My daughter and I stop briefly in the New Hampshire town where I grew up, as part of a much longer day trip. Although Goffstown is three hours from where we live, my younger daughter had never been there. My parents have long ago moved back to New Mexico, my siblings spread out in their own adult lives.
The little village, where I haven’t been in years, is surprisingly unchanged. There’s some sprawl here and there, but not as much as I expected. A town ballfield has been converted to a cemetery, planted with saplings and marked, so far, with a single tombstone. Below that, the small pond where I learned to ice skate is still encroached by weeds and brambles, making for tricky skating but immensely interesting viewing for a child lying on the ice.
The snow has mostly melted here, and the earth is an amber-brown. Not a single shoot of spring green is visible yet. Walking around, I see the places that I loved: the gone-to-wild swathe behind our neighborhood houses — places a child could endlessly explore for years — the Ucancoonuc Mountains, the woods with huge glacial erratics surrounding the town. The library where I read out the children’s section and held my first job as a library page has been expanded. We walk through the library. Tom Wolfe famously wrote that you can’t ever go home. I can’t quibble with that wisdom, but walking through this library I loved so dearly, I step back into my childhood for a few minutes. Crammed with books, the library was both alive for me with the social chatter of the town but also ineffably fed my hungry imagination.
On this Wednesday morning, the library staff says hello and good morning to my daughter and me, and I feel, again, that same hum of life, endlessly unspooling, utterly fascinating. The shelves now stretch far up to the high ceilings, and this makes me so happy, to know the library is loved and funded.
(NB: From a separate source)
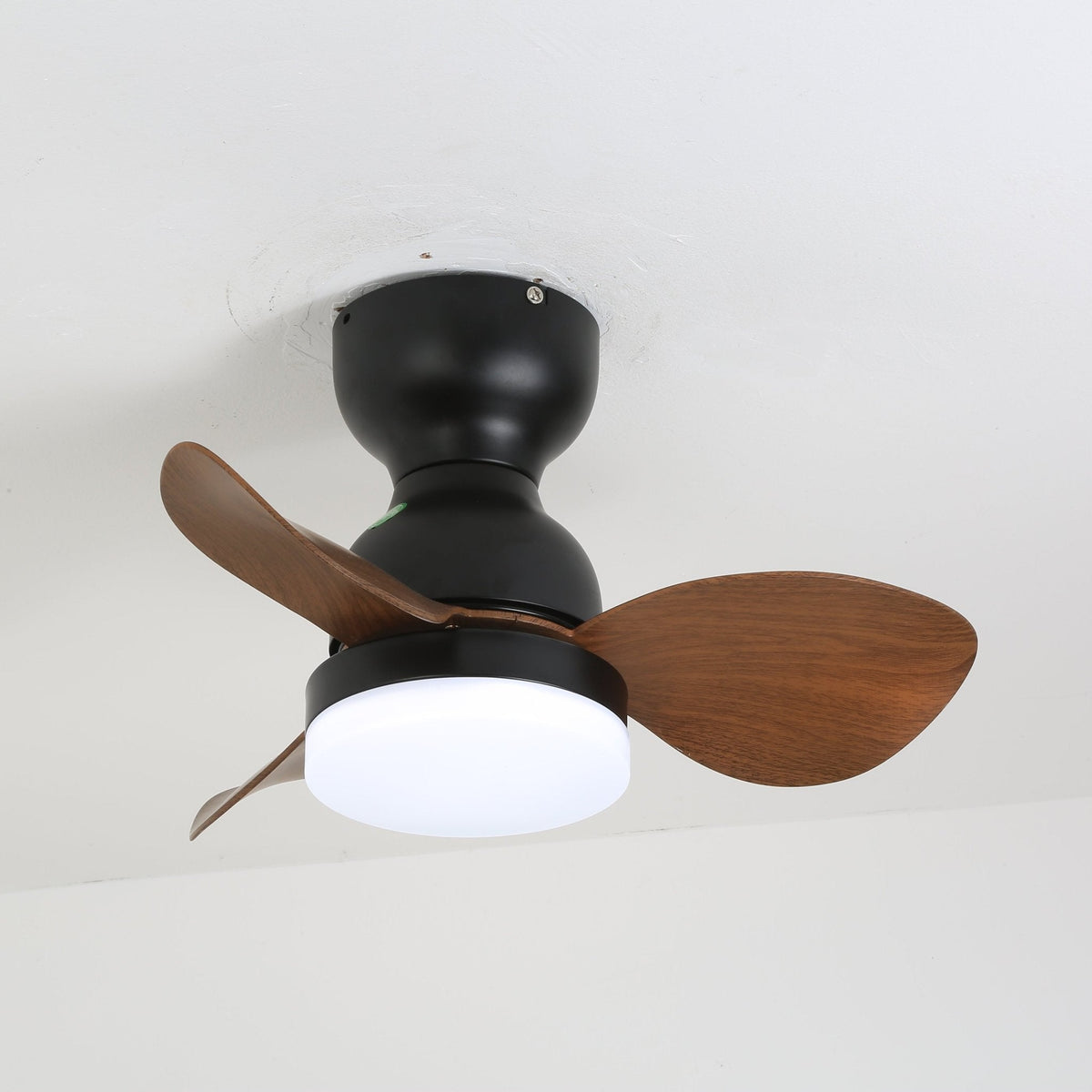 Black Flush Mount Ceiling Fan — Ceiling Fan | Maison Monashee — view 10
Likewise, walking past my former house, I see a treehouse in the backyard and a tire swing from one of those enormous maples. Every summer, my father — and then his three children — painted the clapboards. Whoever lives there now does the same, I see.
I had expected to be sad, maybe nostalgic, about this town I never visit any longer. But walking around with my teenager, I see immediately that I’ve taken that town with me, that the child and teenager I was then carried that love of woods and wild, of imagination and dreaming, the same quirky family story and laughter with me.
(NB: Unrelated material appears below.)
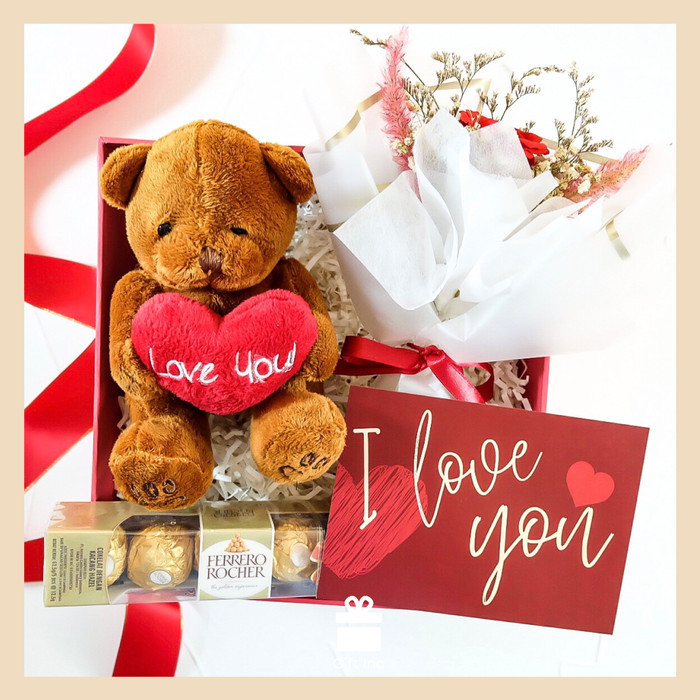 

Box Of Love - Valentine Gift / Kado Valentine / Pasangan / Hampers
At my parents’ former house, I see children play in that mixture of tended domesticity and the small patch of woods behind that old house. It doesn’t make me feel old; instead, I feel resilient. Driving, we listen to Coronavirus news, to the stock market careening, to the political uncertainty of this world. My daughter and I talk and talk and talk. Listening, I don’t second-guess myself, I don’t wonder what I’ve failed as a mother. I know, instead, I’ve given her a fertile, imaginative childhood, and I know it’s hers, to decide her own course, too.